----- Input data
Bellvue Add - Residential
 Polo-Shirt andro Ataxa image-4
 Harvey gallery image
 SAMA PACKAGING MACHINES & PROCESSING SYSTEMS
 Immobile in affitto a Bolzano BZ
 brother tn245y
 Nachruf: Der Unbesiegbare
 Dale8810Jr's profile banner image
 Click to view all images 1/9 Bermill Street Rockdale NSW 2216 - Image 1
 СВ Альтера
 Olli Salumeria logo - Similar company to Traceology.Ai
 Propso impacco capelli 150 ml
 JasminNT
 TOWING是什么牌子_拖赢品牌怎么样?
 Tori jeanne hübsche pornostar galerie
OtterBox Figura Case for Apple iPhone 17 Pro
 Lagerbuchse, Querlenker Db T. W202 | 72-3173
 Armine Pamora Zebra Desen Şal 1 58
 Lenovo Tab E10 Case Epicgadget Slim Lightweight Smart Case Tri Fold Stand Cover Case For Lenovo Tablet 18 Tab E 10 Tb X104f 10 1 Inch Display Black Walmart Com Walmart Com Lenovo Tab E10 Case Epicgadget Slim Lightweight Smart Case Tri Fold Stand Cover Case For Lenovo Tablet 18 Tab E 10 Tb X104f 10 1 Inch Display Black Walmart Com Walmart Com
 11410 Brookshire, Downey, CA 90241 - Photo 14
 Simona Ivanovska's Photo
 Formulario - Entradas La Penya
----------
Exercise: Only the stretch of lines that begins with the one holding "OtterBox Figura Case for Apple iPhone 17 Pro" and ends with the last line above belongs in the answer; please write it out exactly.

Result for this task:
OtterBox Figura Case for Apple iPhone 17 Pro
 Lagerbuchse, Querlenker Db T. W202 | 72-3173
 Armine Pamora Zebra Desen Şal 1 58
 Lenovo Tab E10 Case Epicgadget Slim Lightweight Smart Case Tri Fold Stand Cover Case For Lenovo Tablet 18 Tab E 10 Tb X104f 10 1 Inch Display Black Walmart Com Walmart Com Lenovo Tab E10 Case Epicgadget Slim Lightweight Smart Case Tri Fold Stand Cover Case For Lenovo Tablet 18 Tab E 10 Tb X104f 10 1 Inch Display Black Walmart Com Walmart Com
 11410 Brookshire, Downey, CA 90241 - Photo 14
 Simona Ivanovska's Photo
 Formulario - Entradas La Penya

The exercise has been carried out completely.